Minister Delegate for Tourism, French living abroad, Francophonie and Small and medium-sized enterprises
- In office 8 December 2021 – 20 May 2022
- President: Emmanuel Macron
- Prime Minister: Jean Castex
- Preceded by: Alain Griset

Secretary of State for Tourism, French living abroad and Francophonie
- In office 26 July 2020 – 11 December 2021
- President: Emmanuel Macron
- Prime Minister: Jean Castex

Secretary of State to the Minister for Europe and Foreign Affairs
- In office 21 June 2017 – 6 July 2020
- President: Emmanuel Macron
- Prime Minister: Édouard Philippe
- Preceded by: Renaud Muselier

Personal details
- Born: 15 September 1977 (age 48) Bourg-la-Reine, France
- Party: Renaissance
- Alma mater: Sciences Po Strasbourg ESSEC Business School

= Jean-Baptiste Lemoyne (politician) =

French politician (born 1977)

Jean-Baptiste Lemoyne (/fr/; born 15 September 1977) is a French politician of La République En Marche! (LREM) who served as Secretary of State at the Minister for Europe and Foreign Affairs in the governments of successive Prime Ministers Édouard Philippe and Jean Castex from 2019 to 2022.

== Early life ==
Lemoyne was born on 15 September 1977 in Bourg-la-Reine, France.

== Political career ==
In June 2002 he took one of his first political positions, becoming a technical advisor to Secretary of State for Relations with Parliament, Jean-François Copé.
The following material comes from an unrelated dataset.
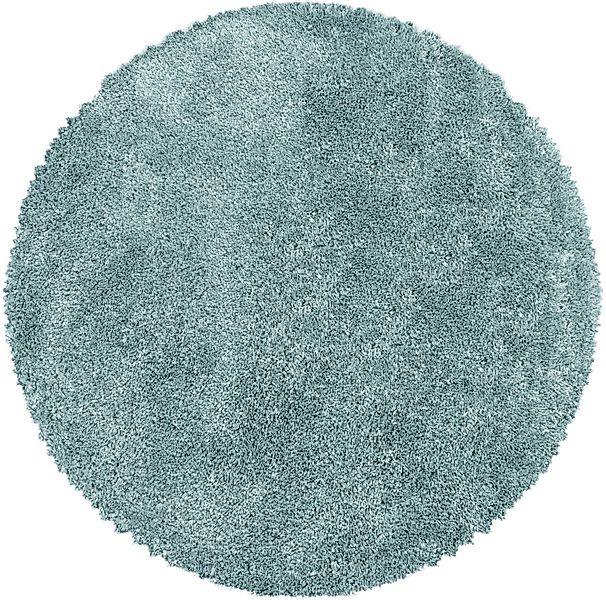 Ayyildiz Teppiche Hochflor-Teppich FLUFFY 3500, rund, günstig online kaufen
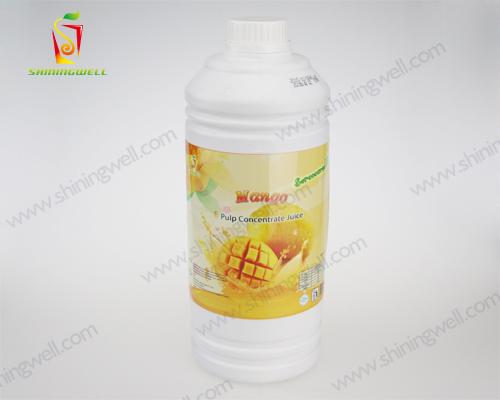 Superior pulp juice concentrate - Strawberry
Two years later, in March 2004, when Copé became Minister delegated to the Interior and the government's spokesman Lemoyne followed as a technical advisor to him. In May 2005 he was appointed to the cabinet as a technical advisor of him again when he became Minister delegate for the Budget and State Reform alongside still being the government's spokesman. After the presidential and legislative elections of 2007, Lemoyne became deputy chair of the UMP parliamentary group at the National Assembly. He held this position until 2014, under successive chairmen Jean-François Copé (2007-2010) and Christian Jacob (2010-2014).

== Political positions ==
He was a notable opponent of the Law 2013-404, which granted same-sex couples the rights to same-sex marriage and for same-sex adoption. He first accused on Twitter of the National Assembly gagging right-wing deputies, and stated on Radio Fréquence Gaie he was going to help in the fight against marriage for all after voting against it. He later held a rally in Yonne after the law passed.

When German Chancellor Angela Merkel called for European Union member states to give European Commissioner for Trade Cecilia Malmström a clear mandate for negotiations with the United States on metal tariffs in 2018, Lemoyne publicly opposed these plans.